If someone steals your idea, take it as a compliment and know you'll come up with another one...or two...or ten. Look up at the city windows or twinkling stars and remember that you live in a world of abundance. Old ideas are always being recycled; new ideas pop up when you least expect them.

Tuesday, February 2, 2010

If a Child Really, Really, Really Wants a Book, Why Insist He/She Buy a Different One?

I hadn't thought of the classic Now We Are Sixby A. A. Milnein years--and then I overheard this conversation in a Barnes & Noble:

Mom: Choose a book and I'll buy it for you.
Son: I want THIS one!
Mom: I'm NOT buying that for you. It's too young.
Son: But I really, really, really want this one. Pleease.
Mom: That book is too babyish for you. It's called Now We Are Six--but YOU just turned seven.
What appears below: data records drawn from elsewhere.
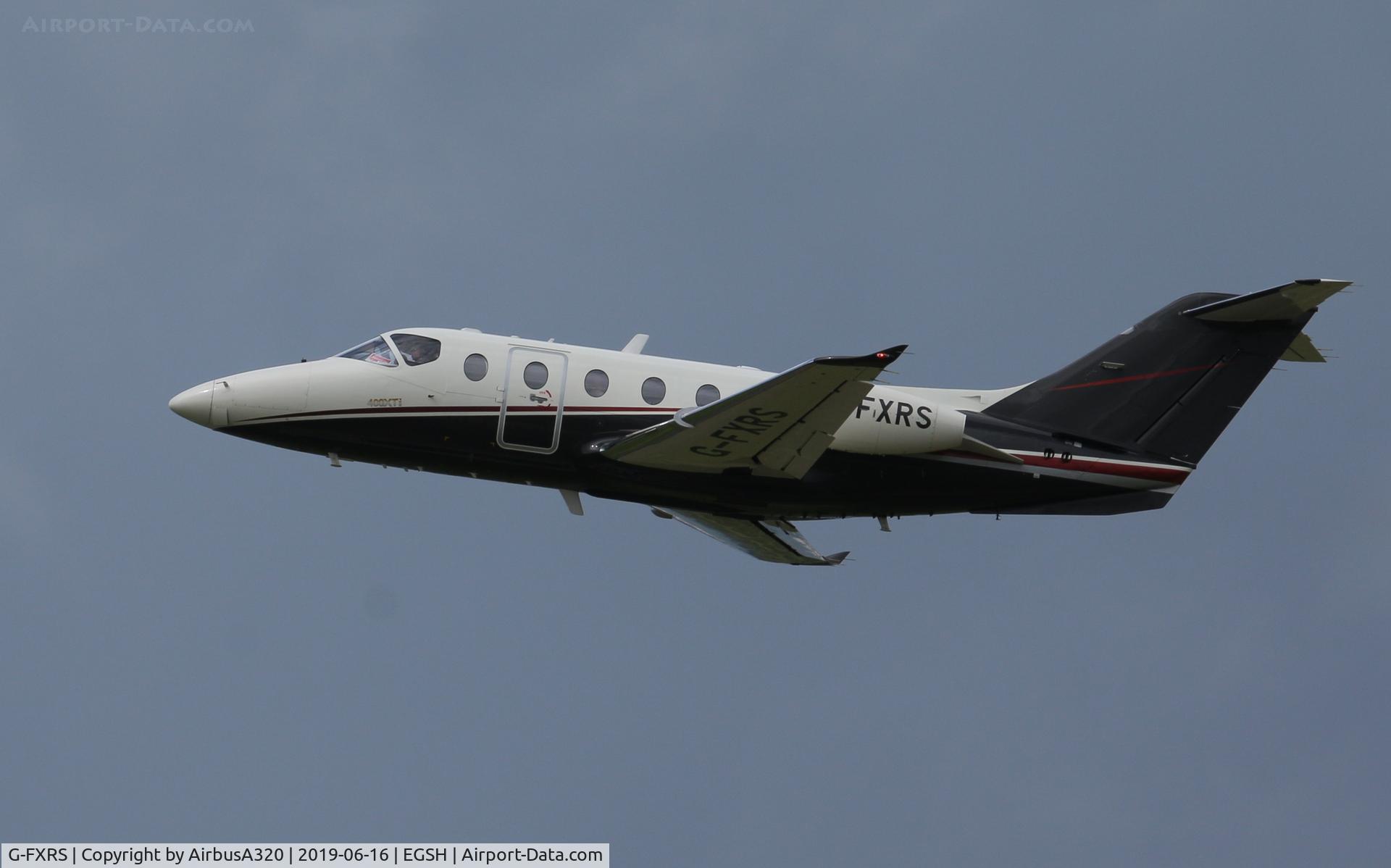 G-FXRS, 2001 Raytheon 400A Nextant 400XT C/N RK-317, Departing Rwy 27 at Norwich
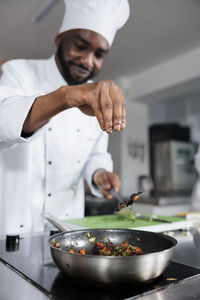 Midsection of man preparing food in kitchen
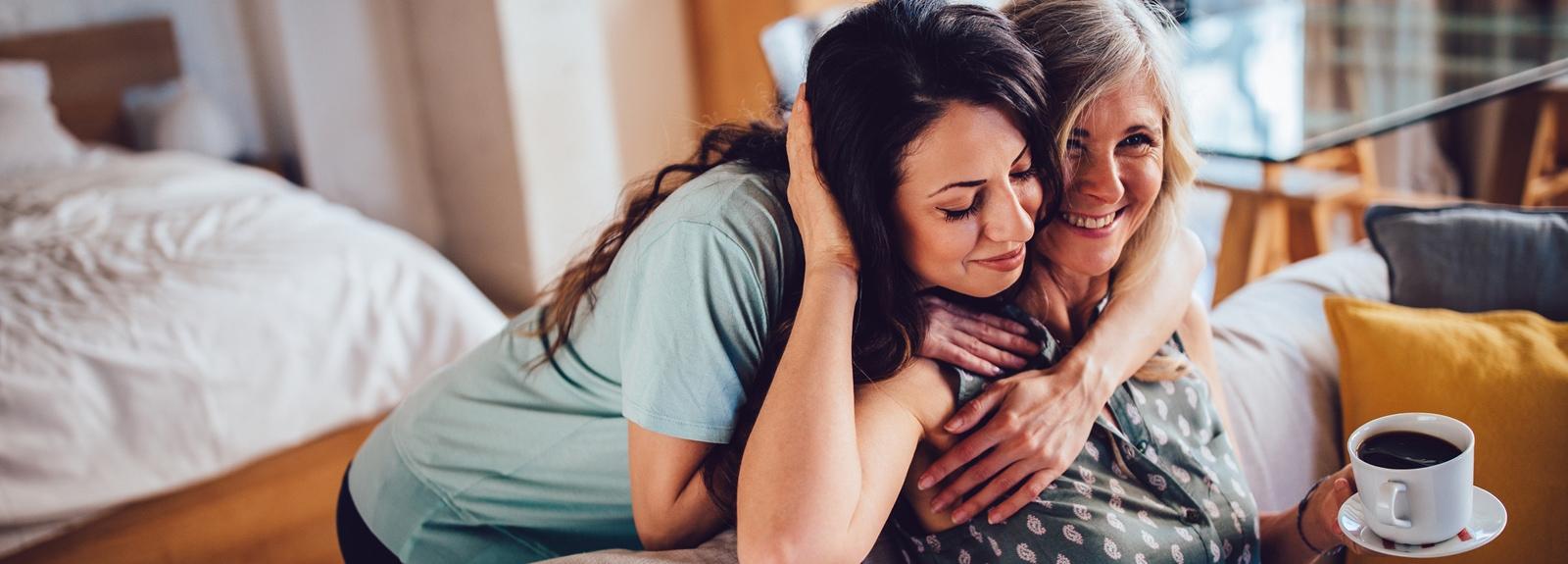 Two woman hugging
I wanted to pop out from behind the shelves and 1. inform the mom that her son had made an excellent choice, having selected an ageless, timeles, classic poetry book; 2. read them "Sneezles", one of my favorite poems in the book; and 3. buy one copy of the book for myself and another for the boy.) But knowing it really wasn't my business, I did nothing. 

As a parent, I understand how the mom might want her 7-year-old to choose a book that's right for his reading level. But as a book lover who is passionate about choosing her own books, I can't help but wish for children to be allowed a similar freedom. 

As a children's book author, I participate in many book fairs and often hear parents trying to steer their children into making the "right" book choices. I'm so used to this that when a child is interested in my picture book City Witch, Country SwitchI automatically tell the parents that it's not a Halloween book. Why? Because younger kids who fall in love Bus to Booville or You Can't Scare Me--two of my books that ARE Halloween books--are often told "no because it's not Halloween," as if kids don't love monsters, ghosts, and spooky stuff all year around!  

When a child really, really, really wants a book, what's wrong with responding with an automatic "no"?
1. The child might feel he makes poor choices.
2. It robs him of the chance to explore, enjoy, and learn from a book she was drawn to.
3. It implies that there's a "right" and "wrong" answer in choosing a book. When a parent asks the child to "choose" a book, shouldn't he/she be able to do just that?

If your child buys a book that's too easy, so what. Suggest he read it to a younger kid. If he chooses a book that's too difficult, either read it to him or save it until he grows into it. If the book never gets read, arrange for your child to donate it to a library or charity. It's all good! And your child will know that you value his taste in books.

My 9-year-old son has always gravitated to non-fiction books way above his level. If I'd said no because of reading level, he'd never have gotten frustrated with the words...and I'd never have ended up reading to him...and he'd never have learned as much as he knows now about spies, mummies, pyramids, pirates, venomous creatures, and World War II as he does. Did my son learn to read? Of course--all kids do. But because his earlier book choices were not on his level, he now knows more than I did at his age, and he chooses his books with confidence and excitement.

Fortunately, there are plenty of parents who leave the book choice up to their child--regardless of level. Many adults still enjoy their childhood favorites like I do--which reminds me. I'm going to read A. A. Milne's poem Sneezles before my son comes home from school. I hope a copy finds its way to the boy from Barnes &Noble via a librarian, teacher, grandma, or--better yet--his mom who eventually comes to her senses.